The concept of experience replay is saving our experiences in our replay buffer. We select at random to break the correlation between consecutive samples, right?
Yes that is a major benefit of using a replay buffer.
A secondary benefit is the ability to use the same sample more than once. This can lead to beter sample efficiency, although that is not guaranteed.
What would happen if we calculate our loss using just one experience instead of a mini-batch of experiences?
The algorithm is still valid, but the gradient estimate for the update step would be based on a single record of [state, action, reward, next state]. This would be a high variance update process, with many steps in wrong directions, but in expectation over many steps you should still see a correct gradient. You would probably need to compensate for the high variance per sample by reducing the learning rate.

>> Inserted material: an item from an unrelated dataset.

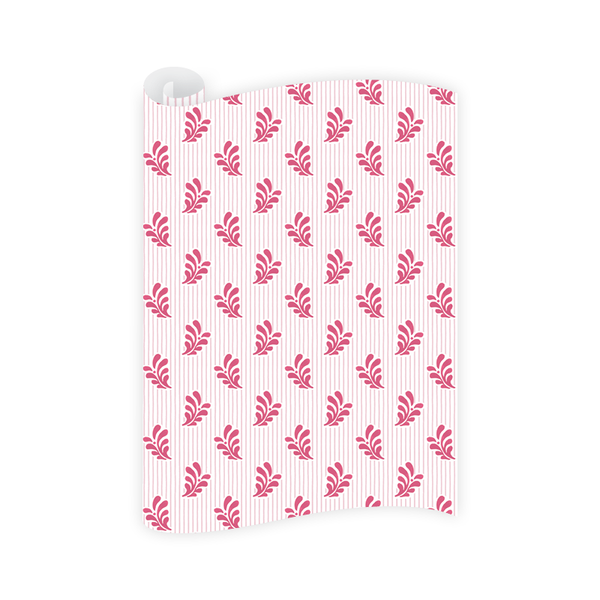 Ceramica Pink Wrapping Paper Roll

In addition, assuming the standard approach of collecting one time step then making one update to DQN neural network, each piece of experience would only be used once on average before being discarded.
These two effects will likely combine such that the learning process would not be very sample efficient.
The size of the minibatch is one of many hyperparameters you can change in DQN. It might be the case for some problems that choosing a low minibatch size is helpful, provided other adjustments (such as a lower learning rate) are made along with it. If you are not sure, you mostly have to try and see.
In my experience on a small range of problems, a moderate size of minibatch - ranging from 10 to 100 - has worked the best in terms of end results of high scoring agents. However, I have not spent a long time trying to make low batch sizes work.